Basketball 3 Pointers – Is it equal worldwide?

Shooting for 3 points in official basketball games was only possible since the 1979 NBA’s (USA National Basketball Association) season. This regulatory body of basketball decided to grant 3 points for all field goals made beyond the three point line (without stepping it, even though the body of the player may surpass the line if he/she is in the air while throwing the ball). Until 1994 this line – an arc at a set radius measured from the point on the floor directly below the center of the basket, and two parallel lines equidistant from each sideline extending from the nearest end line to the point at which they intersect the arc – was defined by the NBA as having a 7.24 m distance (6.7 metres at the corners). Between 1994 and 1997 the distance was changed to an equidistance of 6.7 metres in all parts of the field to enhance 3 pointers, but reverted to its original distance afterwards.

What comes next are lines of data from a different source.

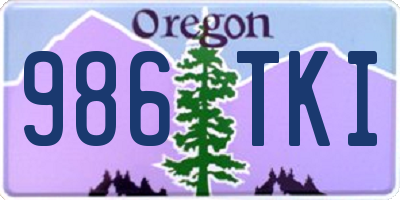 OR license plate 986TKI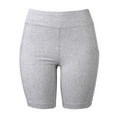 thumbnail image 4 of Women's High Waist Soft Ultra Stretch Yoga Shorts Leggings with 2 Side Pockets Pack of 3 Heather Grey, 4 of 4
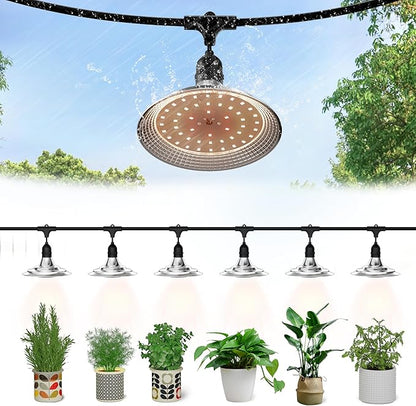 6-Light Outdoor LED Grow Lights – Waterproof Full Spectrum Greenhouse Lights for Plants, 21.3FT Adjustable String Lights with 288 LEDs E26 Base Bulbs, IP44 Waterproof for Garden, Farm, Yard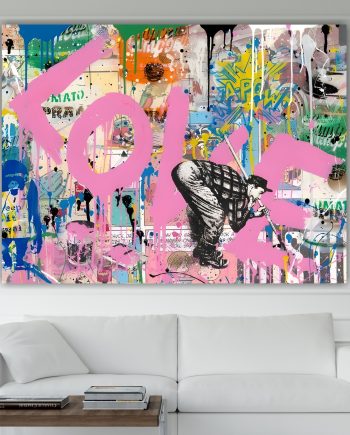 Pop Art, Graffiti in Love Street Art. Poster o Quadro su tela, 100% cotone.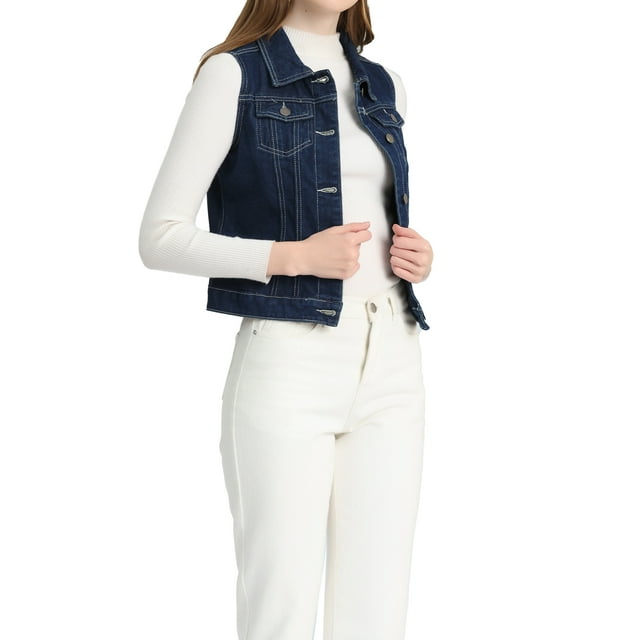 INSPIRE CHIC Women's Washed Denim Button Sleeveless Vest Jacket with Pockets S Navy Blue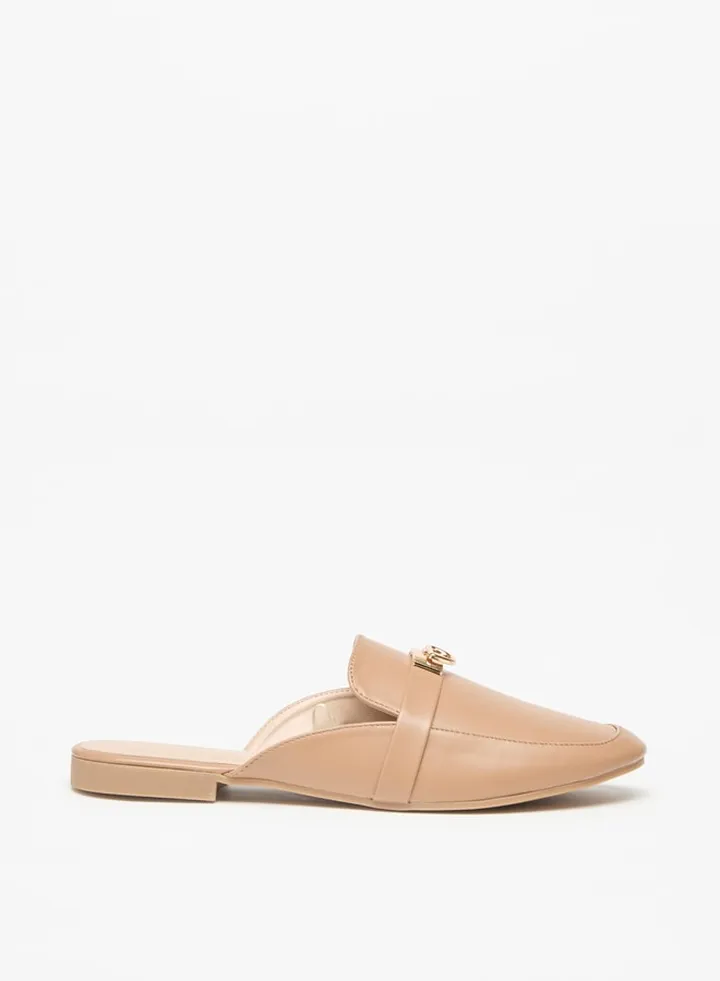 Women's Solid Slip-On Mules with Metal Accent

In other countries, official 3 pointers only saw the light of day in 1984 when FIBA (The sport’s international governing body) introduced it in its rules. However the 3 point line was initially marked at a distance of 6.25 metres all over the field.

Only from the end of 2010 this line was increased to 6.75 metres, distance that still stands nowadays. So, with the exception of corner throws, an almost 0.5 metres overmark exists in NBA games relatively to other championships in what respects 3 pointer shots, making scoring harder in the USA. If a shooter is fouled while attempting a three-pointer and subsequently misses the shot, the shooter is awarded three free-throw attempts. If a player completes a 3-pointer while being fouled, the player is awarded one free-throw for a possible 4-point play.